On 1 July 2019, the Treasury Laws Amendment (Enhancing Whistleblower Protections) Act 2019 came into force, significantly enhancing statutory protections available to eligible whistleblowers in Australia (the New WB Laws).
In addition to complying with the New WB Laws, from 1 January 2020 certain companies are required to have and make available to their employees and officers a whistleblowing policy that complies with the requirements set out in recently enacted section 1317AI of the Corporations Act 2001 (the Corporations Act).
The Australian Securities and Investments Commission (ASIC) will be responsible for administering the New WB Laws, including the whistleblowing policy requirement in section 1317AI.
We anticipate that ASIC will be taking non-compliance seriously and failure to have and make available a compliant whistleblowing policy is a strict liability offence with a penalty of 60 penalty units for individuals and companies (currently $12,600).
What companies must have a whistleblowing policy?
The types of companies required to have and make available a compliant whistleblowing policy are:
- Public companies;
- Large proprietary companies (see below for definition); and
- Proprietary companies that are trustees of registrable superannuation entities.
A proprietary company is a large proprietary company for a financial year if it has at least two of the following characteristics:
- the consolidated revenue for the financial year of the company and any entities it controls is $50 million or more;
- the value of the consolidated gross assets at the end of the financial year of the company and any entities it controls is $25 million or more; and
- the company, and any entities it controls, has 100 or more employees at the end of the financial year.
Once a proprietary company qualifies as a large proprietary company during a financial year, it must have a whistleblowing policy and make it available to its officers and employees within six months after the end of that financial year. The company must continue to maintain and make available its whistleblowing policy in all subsequent financial years in which it qualifies as a large proprietary company.
Note that the enhanced whistleblower protections in Part 9.4AAA of the Corporations Act are available to any discloser who makes a disclosure that qualifies for protection, regardless of whether the entity that is the subject of the disclosure must have a whistleblower policy.
What does a compliant whistleblowing policy look like?

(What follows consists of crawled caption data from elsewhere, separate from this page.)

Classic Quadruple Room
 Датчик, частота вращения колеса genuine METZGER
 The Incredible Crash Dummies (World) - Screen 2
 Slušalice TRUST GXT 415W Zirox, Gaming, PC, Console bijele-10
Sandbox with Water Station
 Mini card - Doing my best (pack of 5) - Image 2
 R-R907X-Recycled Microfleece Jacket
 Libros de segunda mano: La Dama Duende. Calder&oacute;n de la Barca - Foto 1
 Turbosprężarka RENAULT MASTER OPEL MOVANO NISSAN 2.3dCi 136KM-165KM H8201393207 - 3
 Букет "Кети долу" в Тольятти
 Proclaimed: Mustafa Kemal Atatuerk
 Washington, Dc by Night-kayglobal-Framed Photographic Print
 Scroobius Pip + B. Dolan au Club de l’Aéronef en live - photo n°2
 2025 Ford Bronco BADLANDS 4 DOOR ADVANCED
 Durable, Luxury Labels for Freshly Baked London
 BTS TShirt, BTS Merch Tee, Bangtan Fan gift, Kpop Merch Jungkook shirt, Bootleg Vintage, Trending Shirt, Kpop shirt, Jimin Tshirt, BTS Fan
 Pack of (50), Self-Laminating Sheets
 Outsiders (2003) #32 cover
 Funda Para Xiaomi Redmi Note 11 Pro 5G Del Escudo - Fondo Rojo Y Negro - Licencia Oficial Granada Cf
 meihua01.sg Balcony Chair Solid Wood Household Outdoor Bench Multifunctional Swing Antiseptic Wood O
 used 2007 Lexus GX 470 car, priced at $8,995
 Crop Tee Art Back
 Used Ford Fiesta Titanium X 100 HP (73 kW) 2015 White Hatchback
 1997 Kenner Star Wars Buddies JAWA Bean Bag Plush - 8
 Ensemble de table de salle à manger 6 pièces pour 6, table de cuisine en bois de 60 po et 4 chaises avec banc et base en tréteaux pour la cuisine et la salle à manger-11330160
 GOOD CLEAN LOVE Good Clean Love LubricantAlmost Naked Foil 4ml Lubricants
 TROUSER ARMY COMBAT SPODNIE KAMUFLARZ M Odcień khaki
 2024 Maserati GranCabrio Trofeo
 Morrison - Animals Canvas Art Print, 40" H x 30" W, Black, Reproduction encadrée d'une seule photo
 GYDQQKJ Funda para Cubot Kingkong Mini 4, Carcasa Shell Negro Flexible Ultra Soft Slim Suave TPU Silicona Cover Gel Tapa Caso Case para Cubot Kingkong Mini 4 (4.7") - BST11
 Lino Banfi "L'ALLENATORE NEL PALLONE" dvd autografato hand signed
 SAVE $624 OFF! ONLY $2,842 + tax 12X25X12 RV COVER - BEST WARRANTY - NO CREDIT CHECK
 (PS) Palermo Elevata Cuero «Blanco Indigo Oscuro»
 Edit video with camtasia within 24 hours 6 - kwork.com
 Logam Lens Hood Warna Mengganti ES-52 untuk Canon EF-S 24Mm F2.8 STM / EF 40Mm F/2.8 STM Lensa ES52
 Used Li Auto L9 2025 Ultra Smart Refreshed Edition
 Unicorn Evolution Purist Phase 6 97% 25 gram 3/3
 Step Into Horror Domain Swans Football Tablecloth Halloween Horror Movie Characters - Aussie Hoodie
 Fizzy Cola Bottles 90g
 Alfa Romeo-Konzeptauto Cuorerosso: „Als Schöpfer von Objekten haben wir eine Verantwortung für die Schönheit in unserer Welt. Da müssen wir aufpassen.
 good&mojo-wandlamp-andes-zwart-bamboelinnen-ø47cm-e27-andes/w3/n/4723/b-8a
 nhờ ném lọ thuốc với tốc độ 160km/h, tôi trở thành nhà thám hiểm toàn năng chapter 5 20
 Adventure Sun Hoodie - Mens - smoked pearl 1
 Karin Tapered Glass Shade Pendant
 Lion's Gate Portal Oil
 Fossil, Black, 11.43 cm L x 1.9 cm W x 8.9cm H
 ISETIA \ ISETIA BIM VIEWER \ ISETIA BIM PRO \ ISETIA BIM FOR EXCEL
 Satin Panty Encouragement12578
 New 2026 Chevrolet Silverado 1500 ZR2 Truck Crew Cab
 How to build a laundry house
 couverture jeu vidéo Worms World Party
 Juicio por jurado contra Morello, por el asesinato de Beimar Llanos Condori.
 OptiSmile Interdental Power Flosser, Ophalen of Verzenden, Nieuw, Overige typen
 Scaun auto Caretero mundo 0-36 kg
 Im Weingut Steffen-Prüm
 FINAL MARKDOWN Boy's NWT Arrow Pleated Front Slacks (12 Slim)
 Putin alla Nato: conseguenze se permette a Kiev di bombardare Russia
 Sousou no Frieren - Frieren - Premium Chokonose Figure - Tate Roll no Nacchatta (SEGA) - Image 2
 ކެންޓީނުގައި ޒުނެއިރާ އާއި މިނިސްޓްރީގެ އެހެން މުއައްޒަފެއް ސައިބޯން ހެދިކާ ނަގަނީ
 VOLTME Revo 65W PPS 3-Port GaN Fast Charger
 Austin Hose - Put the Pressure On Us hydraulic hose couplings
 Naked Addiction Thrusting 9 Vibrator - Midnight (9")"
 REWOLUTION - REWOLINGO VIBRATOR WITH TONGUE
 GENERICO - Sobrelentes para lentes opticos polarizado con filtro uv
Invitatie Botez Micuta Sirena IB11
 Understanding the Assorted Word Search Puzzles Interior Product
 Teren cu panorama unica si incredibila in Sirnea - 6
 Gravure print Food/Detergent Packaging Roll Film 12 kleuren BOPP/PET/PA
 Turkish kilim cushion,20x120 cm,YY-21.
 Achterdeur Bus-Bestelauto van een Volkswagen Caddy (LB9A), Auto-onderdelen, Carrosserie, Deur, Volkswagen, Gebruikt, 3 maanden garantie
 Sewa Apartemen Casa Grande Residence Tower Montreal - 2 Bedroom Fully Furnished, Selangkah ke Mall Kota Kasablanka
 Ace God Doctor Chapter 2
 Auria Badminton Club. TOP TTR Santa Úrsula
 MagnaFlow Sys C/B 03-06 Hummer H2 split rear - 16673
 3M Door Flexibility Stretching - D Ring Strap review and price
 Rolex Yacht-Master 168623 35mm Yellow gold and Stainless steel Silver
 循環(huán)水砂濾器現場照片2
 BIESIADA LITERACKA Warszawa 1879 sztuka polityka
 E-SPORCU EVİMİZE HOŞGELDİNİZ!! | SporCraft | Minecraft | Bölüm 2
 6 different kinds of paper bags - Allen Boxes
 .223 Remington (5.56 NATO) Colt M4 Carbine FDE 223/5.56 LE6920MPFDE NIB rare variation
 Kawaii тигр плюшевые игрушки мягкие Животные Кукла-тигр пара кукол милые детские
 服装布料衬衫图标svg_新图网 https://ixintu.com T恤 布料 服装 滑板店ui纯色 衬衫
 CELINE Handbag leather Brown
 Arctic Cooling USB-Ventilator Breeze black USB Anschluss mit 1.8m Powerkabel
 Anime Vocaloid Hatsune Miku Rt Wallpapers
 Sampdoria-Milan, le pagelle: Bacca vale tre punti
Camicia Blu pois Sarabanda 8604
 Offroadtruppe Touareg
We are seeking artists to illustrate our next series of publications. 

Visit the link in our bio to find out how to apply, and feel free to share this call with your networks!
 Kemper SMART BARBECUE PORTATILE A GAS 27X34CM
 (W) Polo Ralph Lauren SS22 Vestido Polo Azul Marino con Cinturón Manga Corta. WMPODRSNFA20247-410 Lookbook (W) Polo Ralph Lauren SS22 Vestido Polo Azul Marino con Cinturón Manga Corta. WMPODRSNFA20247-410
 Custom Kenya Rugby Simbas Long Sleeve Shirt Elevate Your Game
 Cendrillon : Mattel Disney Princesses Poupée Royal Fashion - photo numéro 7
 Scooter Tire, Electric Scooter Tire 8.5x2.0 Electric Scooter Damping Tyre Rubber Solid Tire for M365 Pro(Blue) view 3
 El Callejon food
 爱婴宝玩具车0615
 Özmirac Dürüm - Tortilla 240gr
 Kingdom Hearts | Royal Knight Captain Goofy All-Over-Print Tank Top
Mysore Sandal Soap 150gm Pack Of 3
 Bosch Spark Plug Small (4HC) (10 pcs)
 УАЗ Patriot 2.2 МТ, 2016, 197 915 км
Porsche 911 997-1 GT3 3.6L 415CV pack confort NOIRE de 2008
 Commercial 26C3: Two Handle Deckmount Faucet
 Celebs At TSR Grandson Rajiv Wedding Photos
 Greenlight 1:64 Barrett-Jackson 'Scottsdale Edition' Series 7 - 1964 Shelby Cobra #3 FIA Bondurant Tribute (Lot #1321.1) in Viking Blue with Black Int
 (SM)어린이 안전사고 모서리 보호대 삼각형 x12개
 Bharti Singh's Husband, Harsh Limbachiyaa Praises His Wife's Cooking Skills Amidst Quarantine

For a whistleblowing policy to be compliant, the following must be included:
- information about the protections available to whistleblowers, including protections under Part 9.4AAA of the Corporations Act;
- information about to whom disclosures that qualify for protection under Part 9.4AAA of the Corporations Act may be made, and how they may be made;
- information about how the company will support whistleblowers and protect them from detriment;
- information about how the company will investigate disclosures that qualify for protection under Part 9.4AAA of the Corporations Act;
- information about how the company will ensure fair treatment of employees of the company who are mentioned in disclosures that qualify for protection under Part 9.4AAA of the Corporations Act, or to whom such disclosures relate;
- information about how the policy is to be made available to officers and employees of the company; and
- any matters prescribed by the regulations (although there are currently no regulations addressing whistleblowing policy requirements per se).
A company's whistleblowing policy should also include information about the protections in the tax whistleblower regime under Part IVD of the Taxation Administration Act 1953 (Cth).
In November 2019, ASIC also released Regulatory Guide 270, which provides additional guidance for companies on what should be included in a compliant whistleblowing policy.